--- START ---

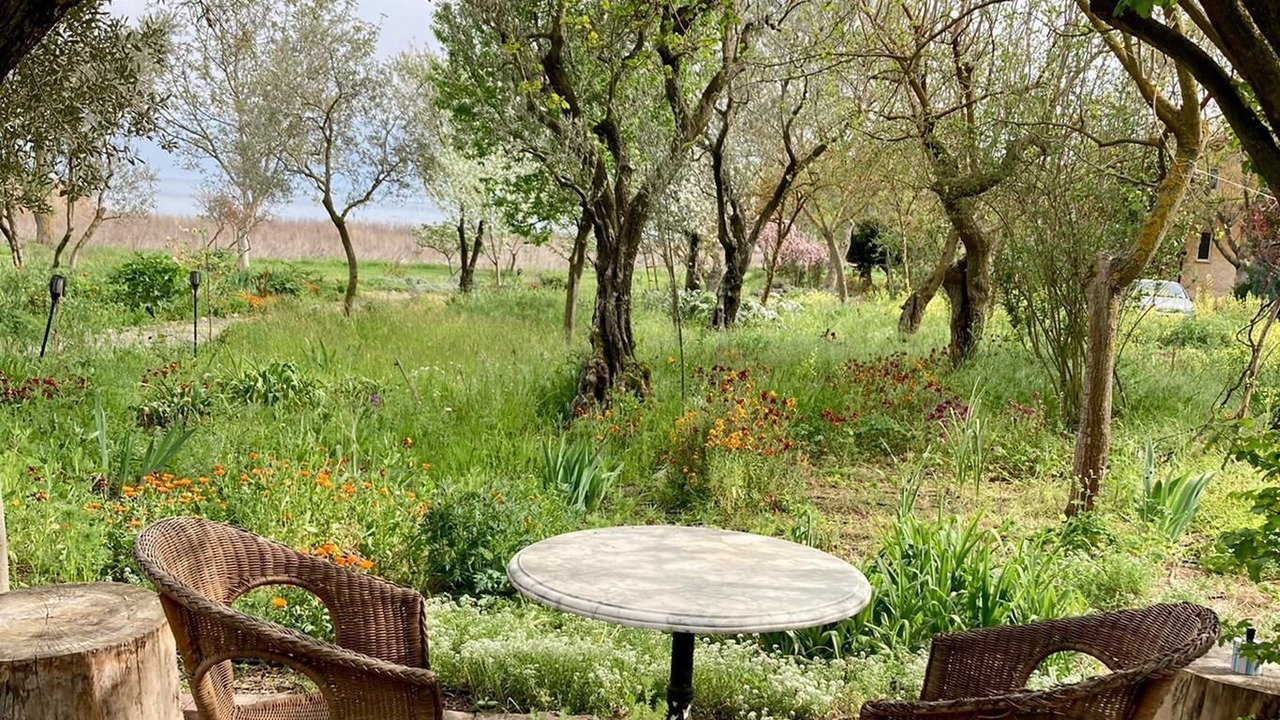 Photo of Outdoor in Orhangazi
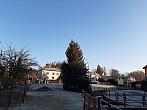 Olešná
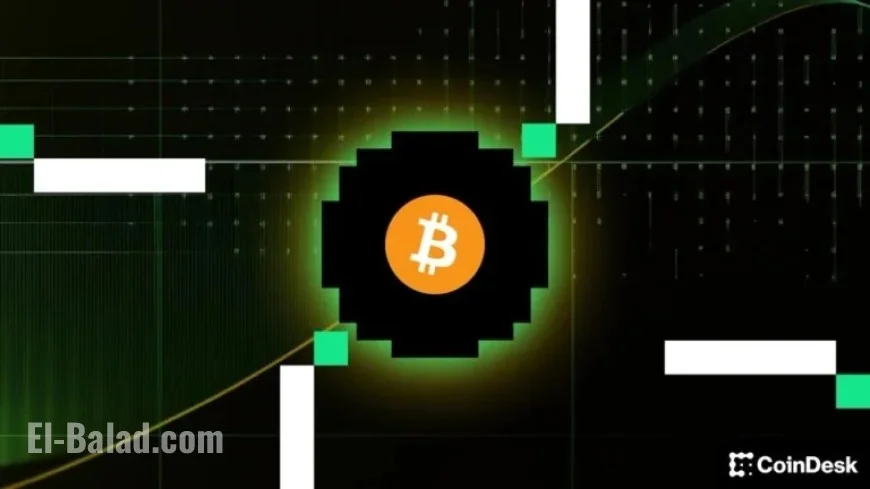 MicroStrategy CEO Asserts Unmatched Flexibility to Continue Bitcoin Purchases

--- END ---

**What the task asks**
Only the pictures are to be left out; repeat all other material exactly.

**Output**
 Photo of Outdoor in Orhangazi
 Olešná
 MicroStrategy CEO Asserts Unmatched Flexibility to Continue Bitcoin Purchases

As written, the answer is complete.